*** Data section Section Begins ***
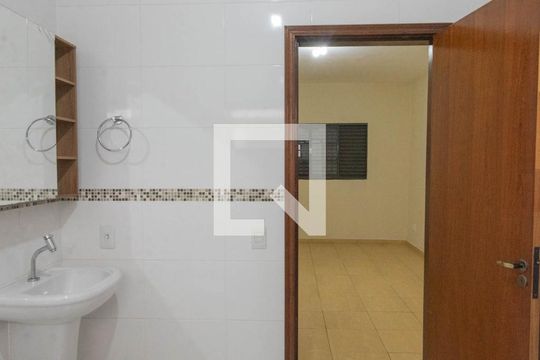 Banheiro Suíte de casa à venda com 2 quartos, 300m² em Jardim Pacaembu, Campinas
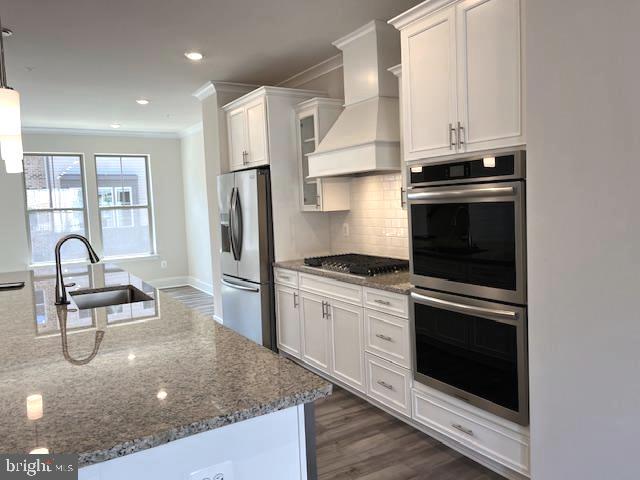 3407 RIVULET LN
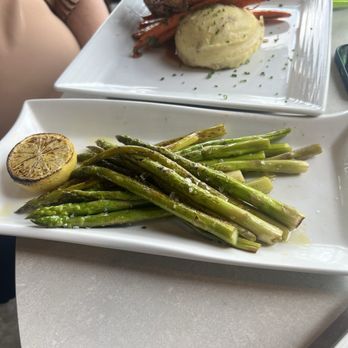 Drift On Lake Wylie - Confit half Chicken with side of asparagus instead - Bars Near Me - Belmont, North Carolina Drift On Lake Wylie - Confit half Chicken with side of asparagus instead - Bars Near Me - Belmont, North Carolina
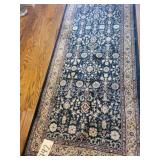 Black design Runner 7.5 x 2.5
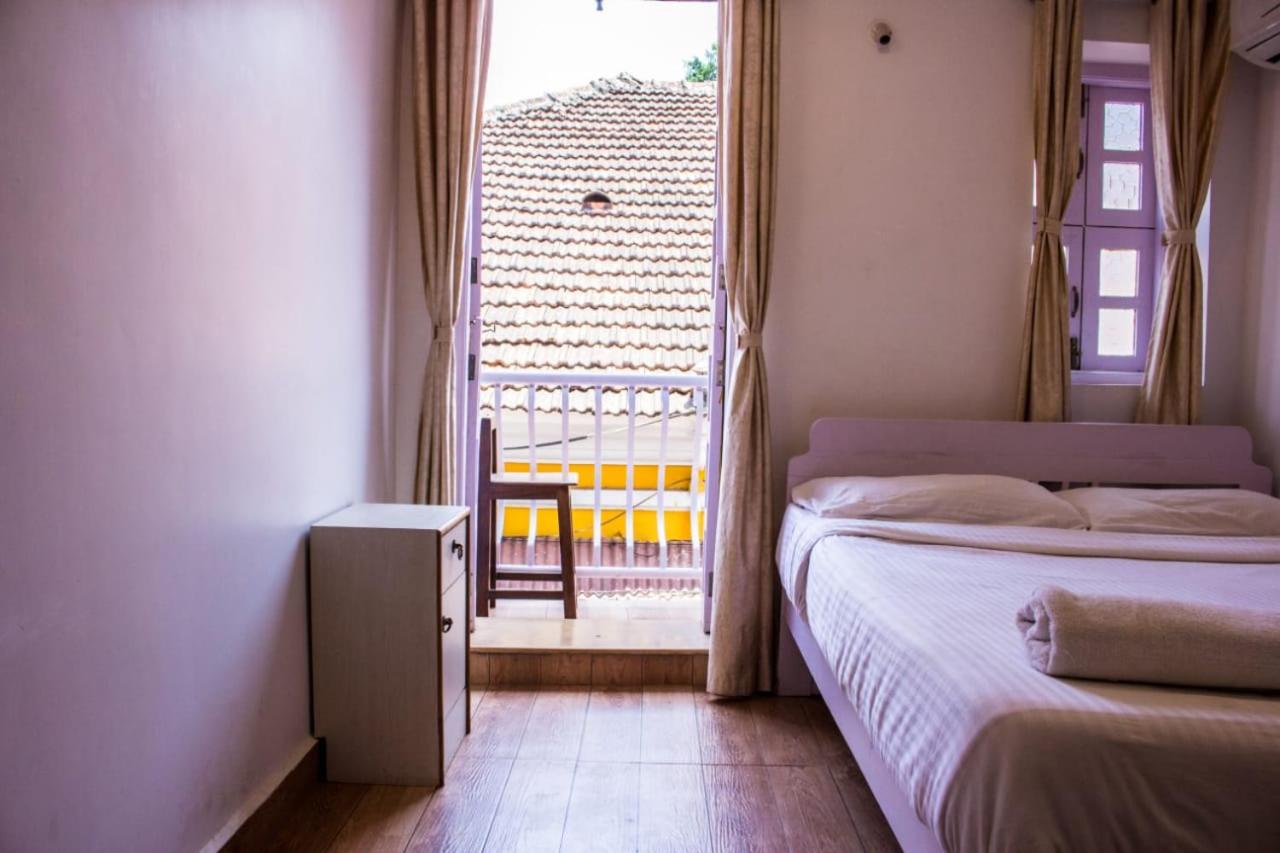 Twin Room with Balcony
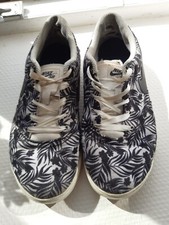 Baskets, noir et blanc à motif palmier/fleur, taille 34, lacets en satin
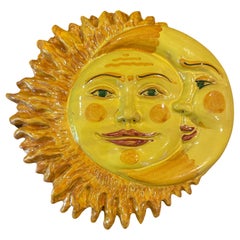 Scultura / appendiabiti da parete con sole e luna dipinti a mano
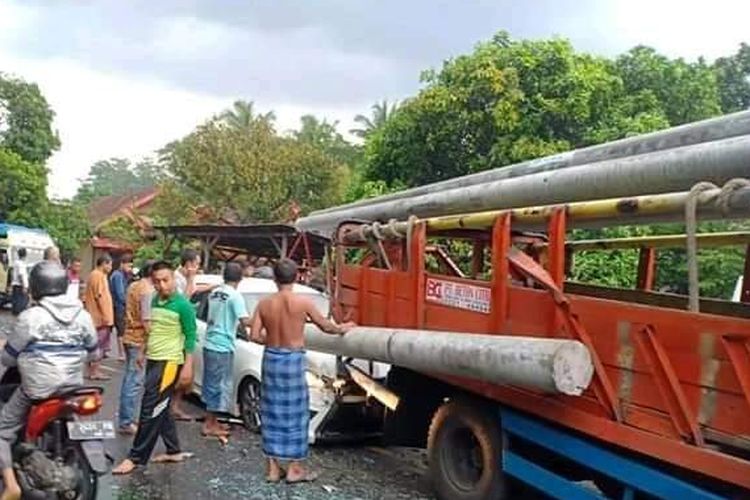 Satu beton listrik terlepas dari truk pengangkut dan menancap di mobil kecil yang berada di belakangnya di Jalan Raya Nasional Probolinggo, Lumajang, Jawa Timur, Kamis (5/12/2019).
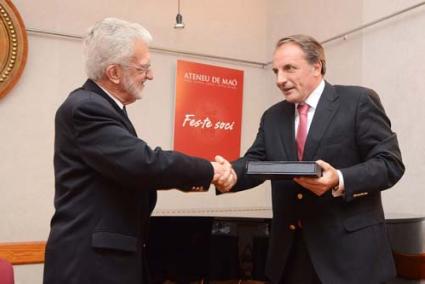 Maó. Fayas féu entrega al president d’Editorial Menorca , José Guillermo Díaz Montañés, d’una placa commemorativa - Paco Sturla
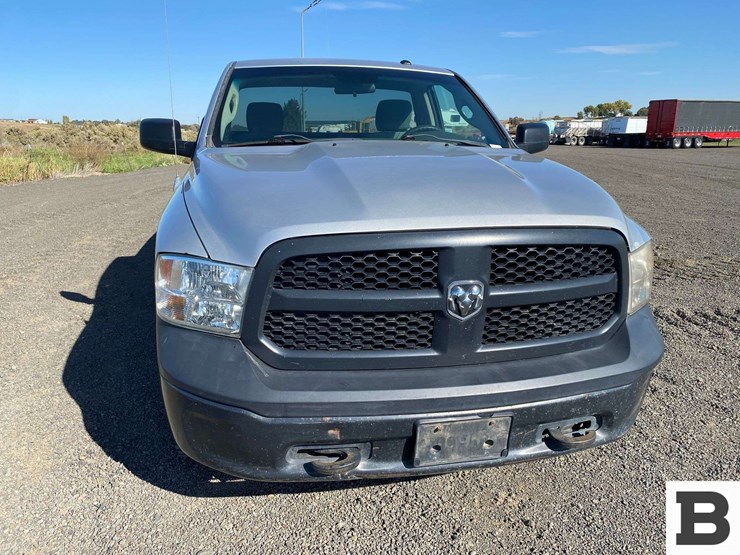 2013-ram-1500-pickup-image-8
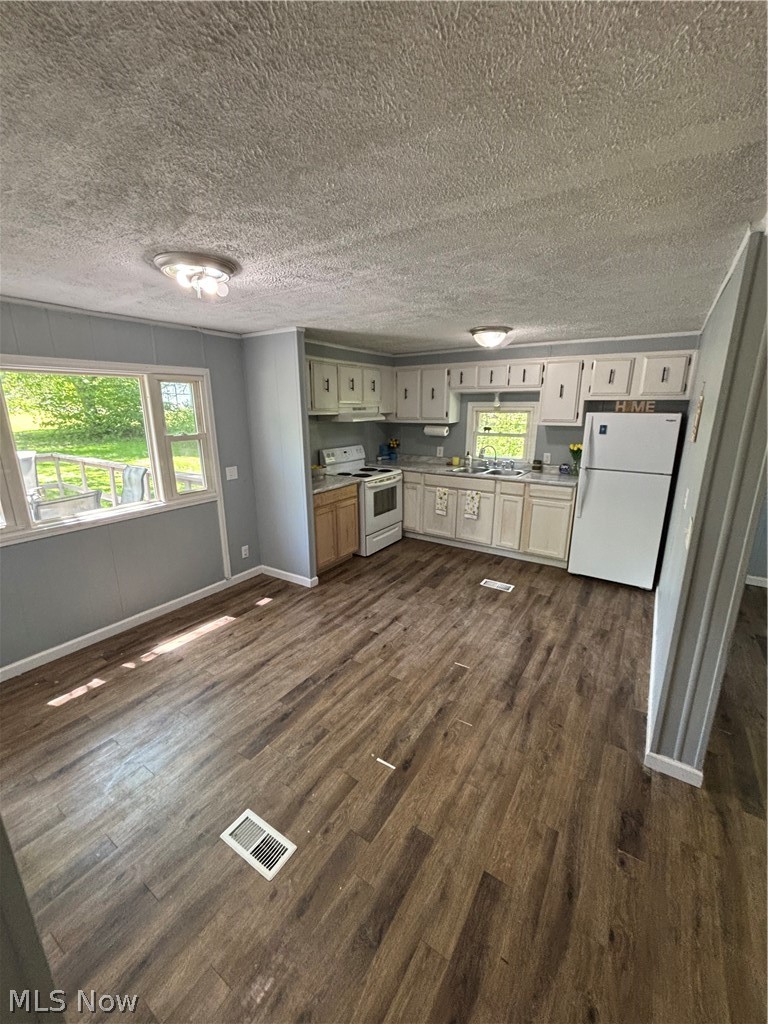 12783 Main Market Road, Garrettsville, OH - Photo 6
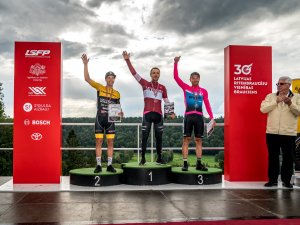 Krāšņi aizvadīts 30. Latvijas riteņbraucēju Vienības brauciens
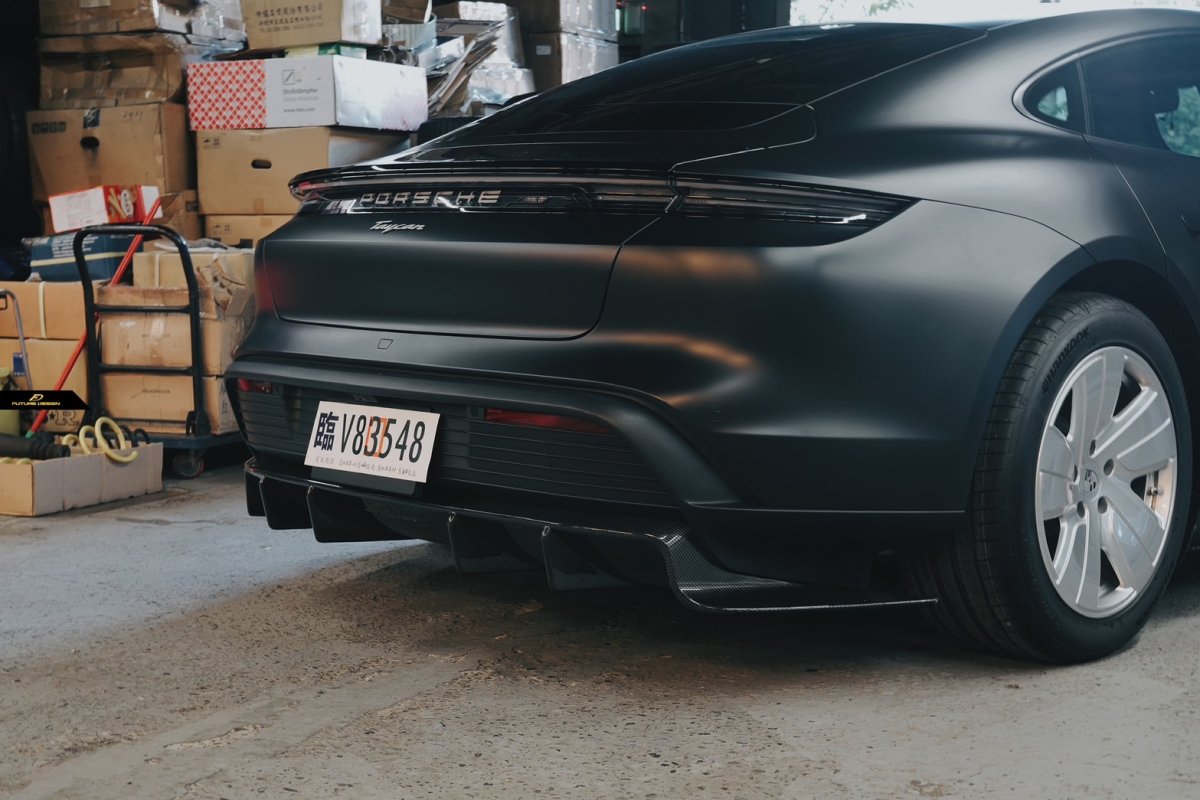 画像16: Porsche ポルシェ Taycan タイカン リア ディフューザー 本物Drycarbon ドライカーボン (16)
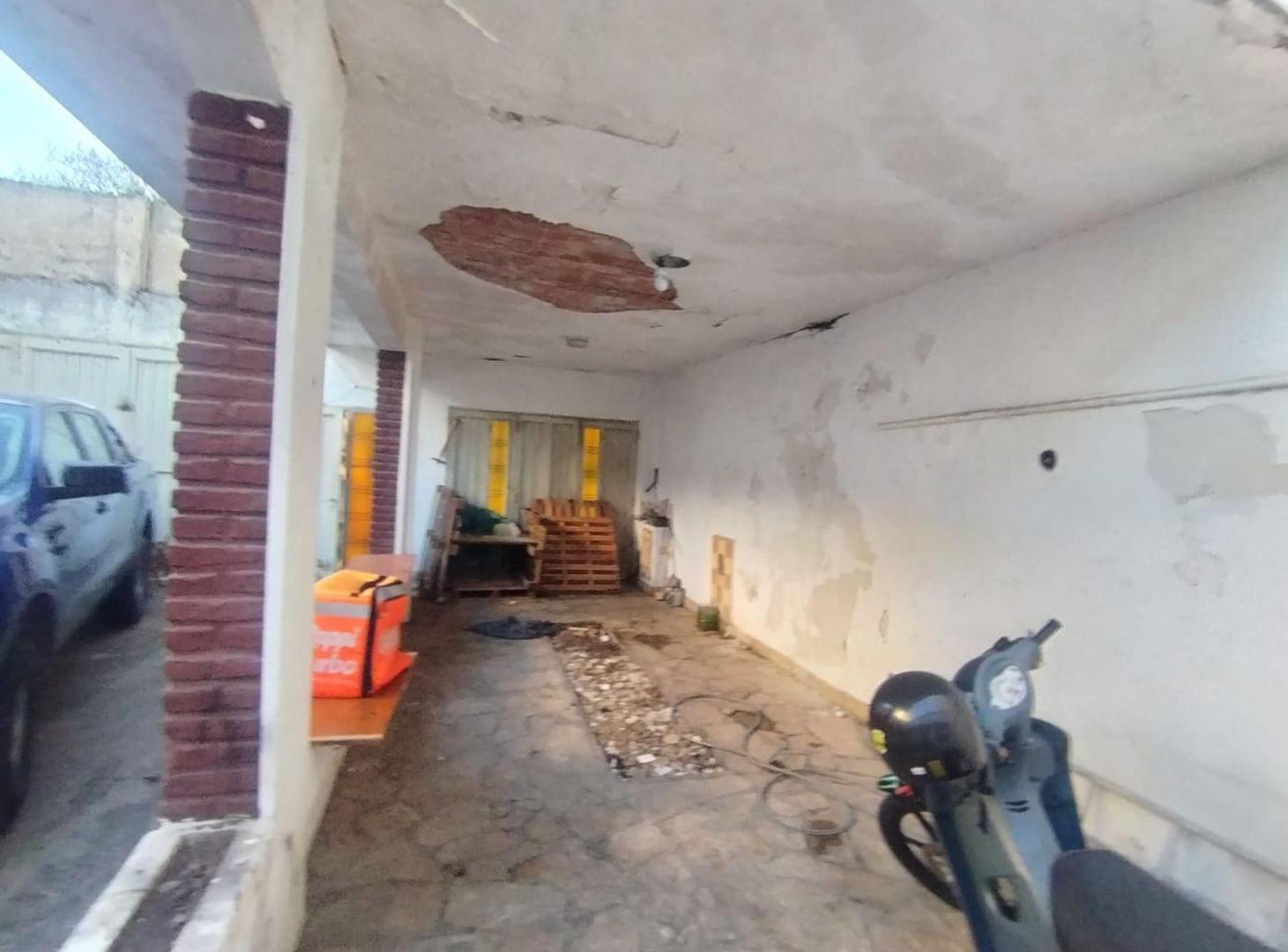 Foto de CASA A REFACCIONAR EN LOTE 8,66 x 47,45 USAM, imagen 1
*** Data section Section Ends ***
About this exercise: Leaving out the pictures, print exactly and only the lines from the one containing "3407 RIVULET LN" through the last line of the records.

Final answer:
 3407 RIVULET LN
 Drift On Lake Wylie - Confit half Chicken with side of asparagus instead - Bars Near Me - Belmont, North Carolina Drift On Lake Wylie - Confit half Chicken with side of asparagus instead - Bars Near Me - Belmont, North Carolina
 Black design Runner 7.5 x 2.5
 Twin Room with Balcony
 Baskets, noir et blanc à motif palmier/fleur, taille 34, lacets en satin
 Scultura / appendiabiti da parete con sole e luna dipinti a mano
 Satu beton listrik terlepas dari truk pengangkut dan menancap di mobil kecil yang berada di belakangnya di Jalan Raya Nasional Probolinggo, Lumajang, Jawa Timur, Kamis (5/12/2019).
 Maó. Fayas féu entrega al president d’Editorial Menorca , José Guillermo Díaz Montañés, d’una placa commemorativa - Paco Sturla
 2013-ram-1500-pickup-image-8
 12783 Main Market Road, Garrettsville, OH - Photo 6
 Krāšņi aizvadīts 30. Latvijas riteņbraucēju Vienības brauciens
 画像16: Porsche ポルシェ Taycan タイカン リア ディフューザー 本物Drycarbon ドライカーボン (16)
 Foto de CASA A REFACCIONAR EN LOTE 8,66 x 47,45 USAM, imagen 1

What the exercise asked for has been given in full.